Search code examples
apache-sparkrdd

Differences between persist(DISK_ONLY) vs manually saving to HDFS and reading back


This answer clearly explains RDD persist() and cache() and the need for it - (Why) do we need to call cache or persist on a RDD

So, I understand that calling someRdd.persist(DISK_ONLY) is lazy, but someRdd.saveAsTextFile("path") is eager.

But other than this (also disregarding the cleanup of text file stored in HDFS manually), is there any other difference (performance or otherwise) between using persist to cache the rdd to disk versus manually writing and reading from disk? Is there a reason to prefer one over the other?
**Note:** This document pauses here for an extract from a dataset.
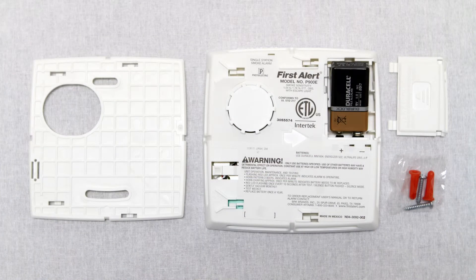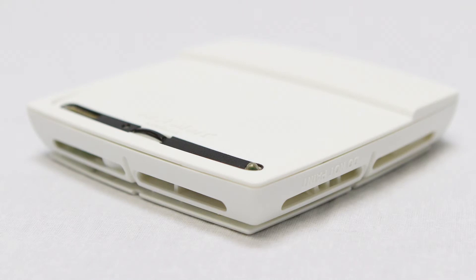Installation is simple with the versatile wall and ceiling mount and the easy slide-in mounting bracket. This alarm has a white finish, is powered by a 9-volt battery which is included, weighs only 0.56 pounds, and measures 4.92 inches long by 4.92 inches wide by 0.94 inches high.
More Context: I came across code which manually writes to HDFS and reads it back in our production application. I've just started learning Spark and was wondering if this can be replaced with persist(DISK_ONLY). Note that the saved rdd in HDFS is deleted before every new run of the job and this stored data is not used for anything else between the runs.


Solution

  • There are at least these differences:

    • Writing to HDFS will have the replicas overhead, while caching is written locally on the executor (or to second replica if DISK_ONLY_2 is chosen).
    • Writing to HDFS is persistent, while cached data might get lost if/when an executor is killed for any reason. And you already mentioned the benefit of writing to HDFS when the entire application goes down.
    • Caching does not change the partitioning, but reading from HDFS might/will result in different partitioning than the original written DataFrame/RDD. For example, small partitions (files) will be aggregated and large files will be split.

    I usually prefer to cache small/medium data sets that are expensive to evaluate, and write larger data sets to HDFS.